** Opening Information given block **
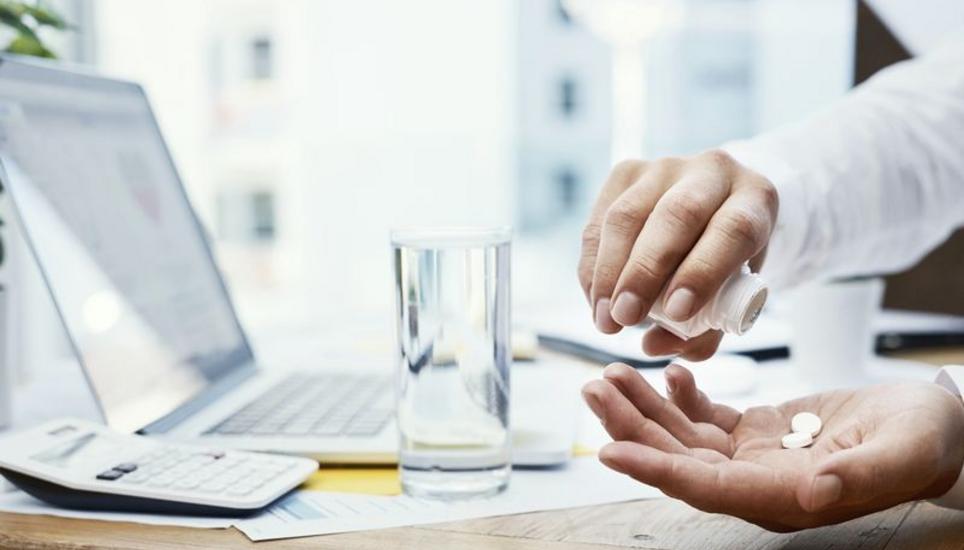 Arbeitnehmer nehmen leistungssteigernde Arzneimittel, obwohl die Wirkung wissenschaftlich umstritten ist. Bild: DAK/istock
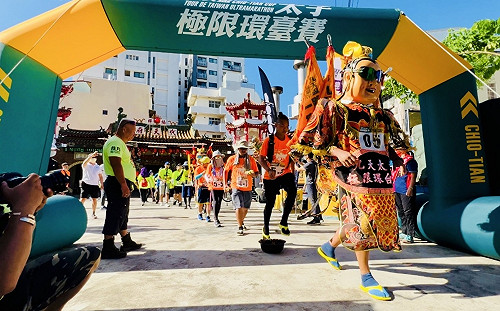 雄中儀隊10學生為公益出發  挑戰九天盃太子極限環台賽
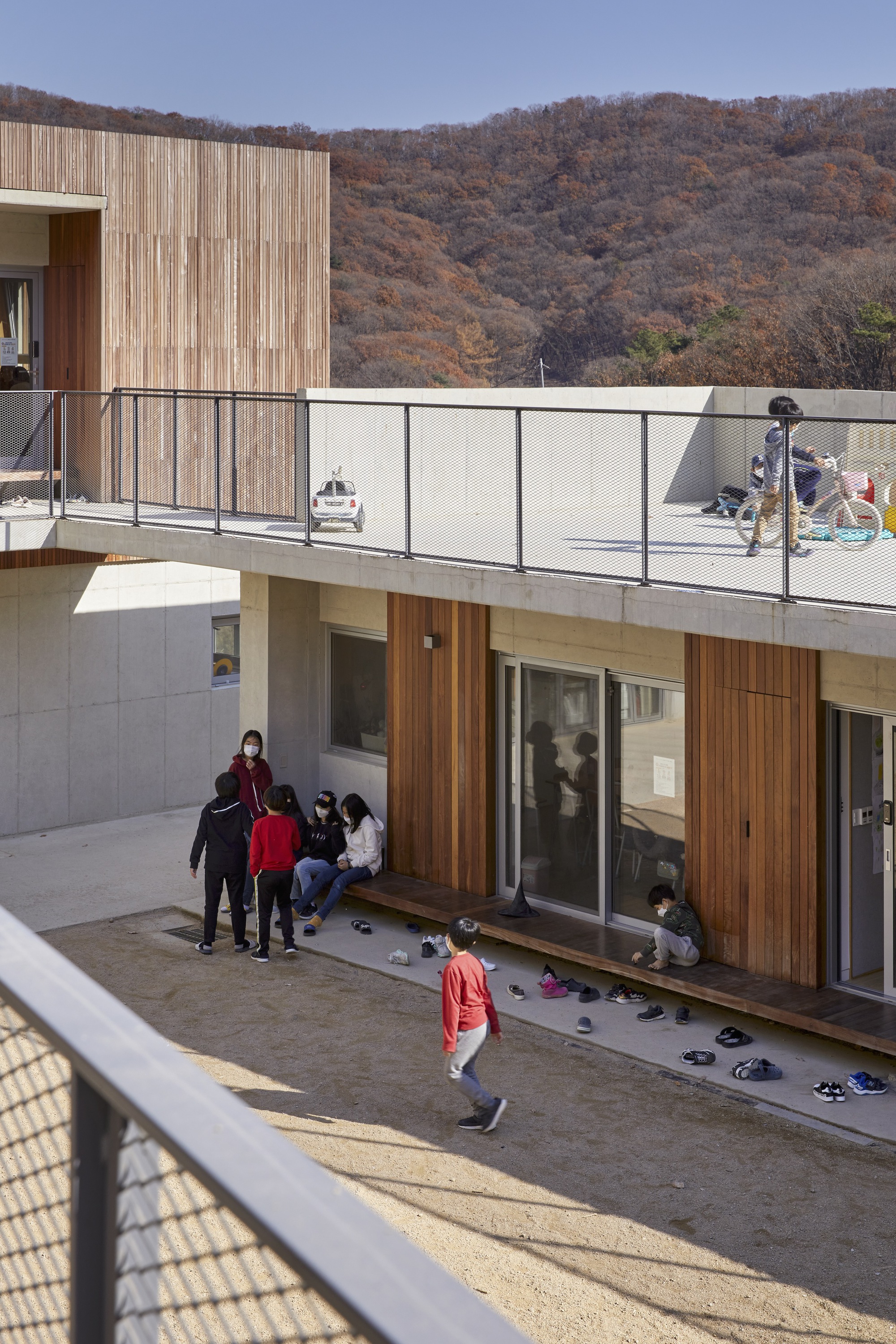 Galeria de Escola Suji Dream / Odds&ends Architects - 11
** Closing Information given block **
** Opening Information given block **
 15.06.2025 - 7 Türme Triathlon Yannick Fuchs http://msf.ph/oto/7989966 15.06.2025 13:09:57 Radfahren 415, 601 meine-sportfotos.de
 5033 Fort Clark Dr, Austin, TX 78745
** Closing Information given block **
** Opening Information given block **
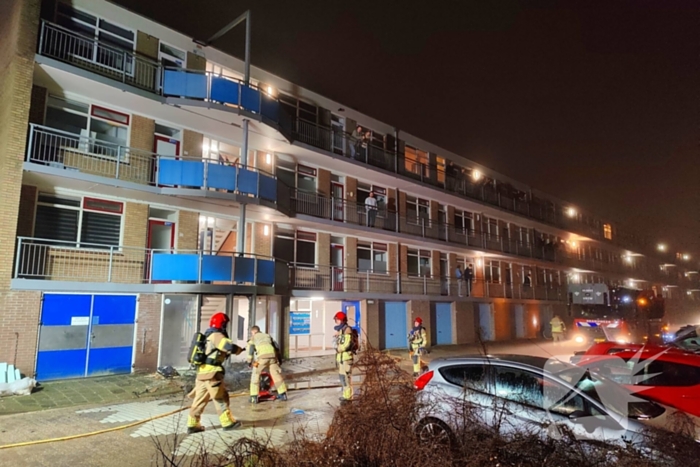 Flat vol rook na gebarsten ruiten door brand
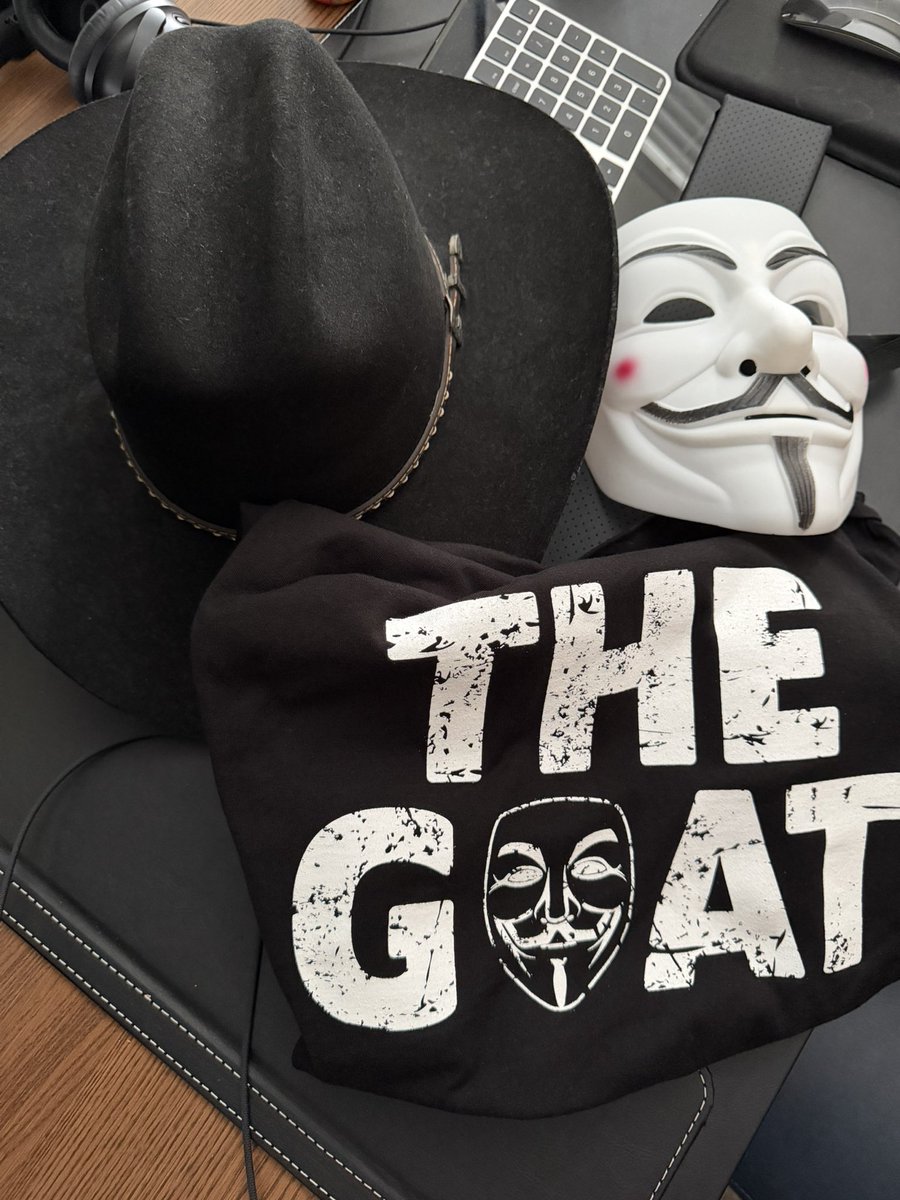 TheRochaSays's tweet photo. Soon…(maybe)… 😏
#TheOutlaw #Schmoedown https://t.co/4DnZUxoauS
** Closing Information given block **
Task to carry out | Repeat exactly the stretch of the listing above that starts with the line holding "Arbeitnehmer nehmen leistungssteigernde" and finishes with the line holding "Galeria de Escola", both included. Skip every picture.

Result of this task |
 Arbeitnehmer nehmen leistungssteigernde Arzneimittel, obwohl die Wirkung wissenschaftlich umstritten ist. Bild: DAK/istock
 雄中儀隊10學生為公益出發  挑戰九天盃太子極限環台賽
 Galeria de Escola Suji Dream / Odds&ends Architects - 11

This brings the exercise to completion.